▶ SOURCE DATA
★ ★ ★ ★

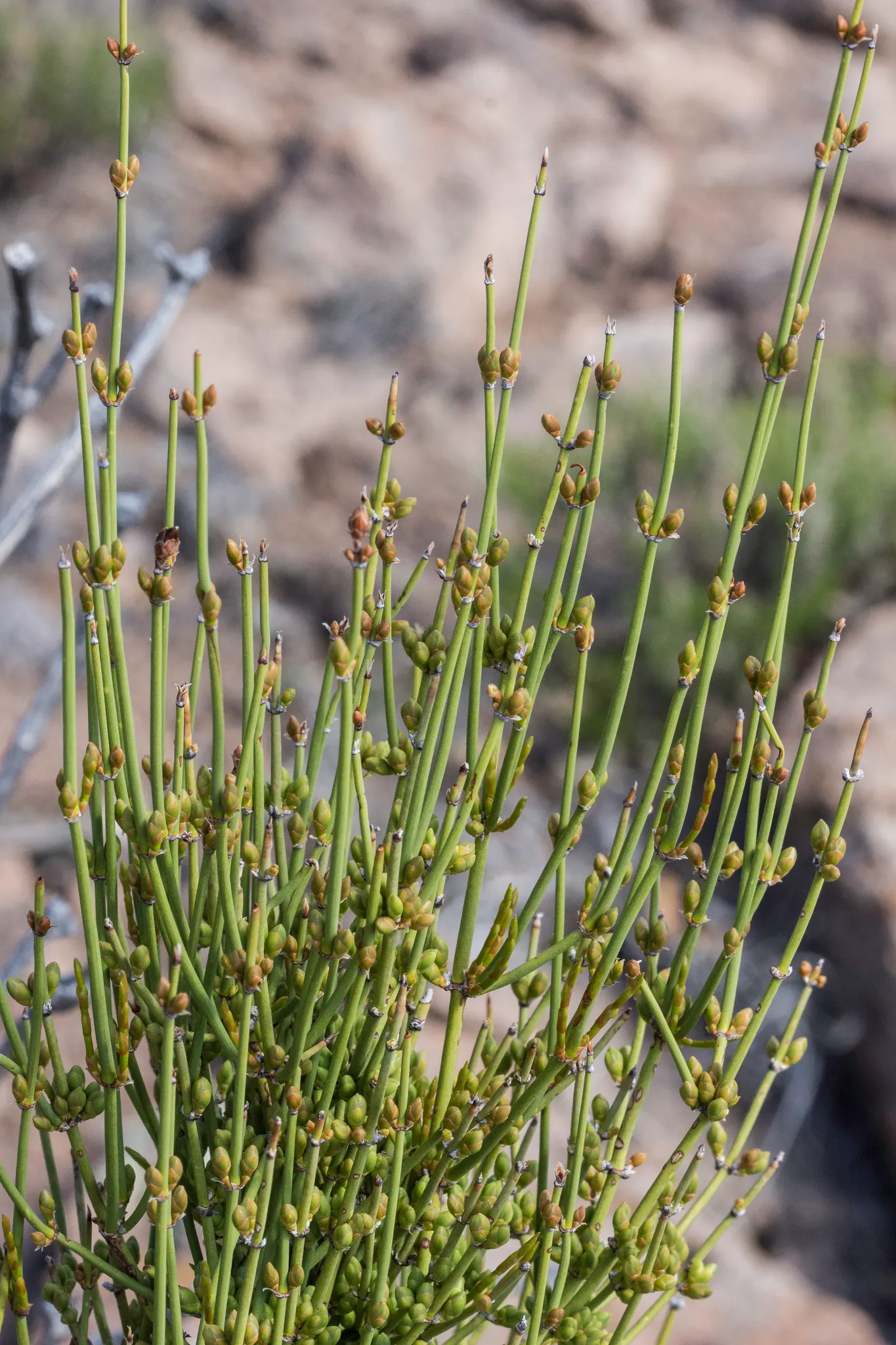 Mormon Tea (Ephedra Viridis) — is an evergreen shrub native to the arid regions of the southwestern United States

★ ★ ★ ★

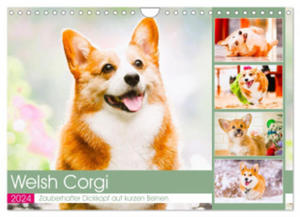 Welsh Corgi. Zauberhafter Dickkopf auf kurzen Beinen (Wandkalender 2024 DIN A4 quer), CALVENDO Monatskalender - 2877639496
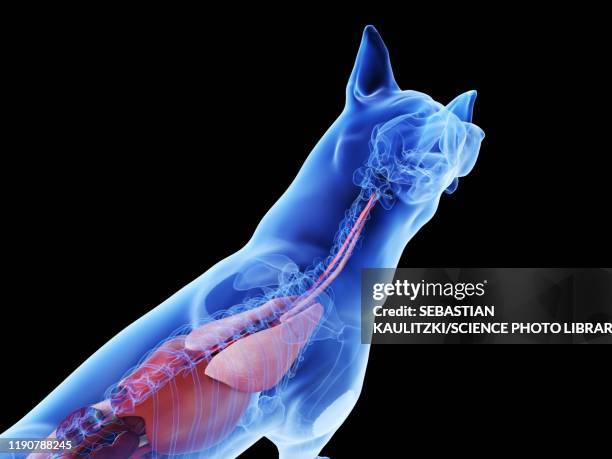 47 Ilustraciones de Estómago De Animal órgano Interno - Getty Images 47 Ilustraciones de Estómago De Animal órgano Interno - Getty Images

★ ★ ★ ★

▶ WHAT TO DO
Go to the line above that has "Welsh Corgi. Zauberhafter" and copy exactly from there down to the line that has "Getty Images 47", both included. Leave the pictures out.

▶ WRITTEN REPLY
 Welsh Corgi. Zauberhafter Dickkopf auf kurzen Beinen (Wandkalender 2024 DIN A4 quer), CALVENDO Monatskalender - 2877639496
 47 Ilustraciones de Estómago De Animal órgano Interno - Getty Images 47 Ilustraciones de Estómago De Animal órgano Interno - Getty Images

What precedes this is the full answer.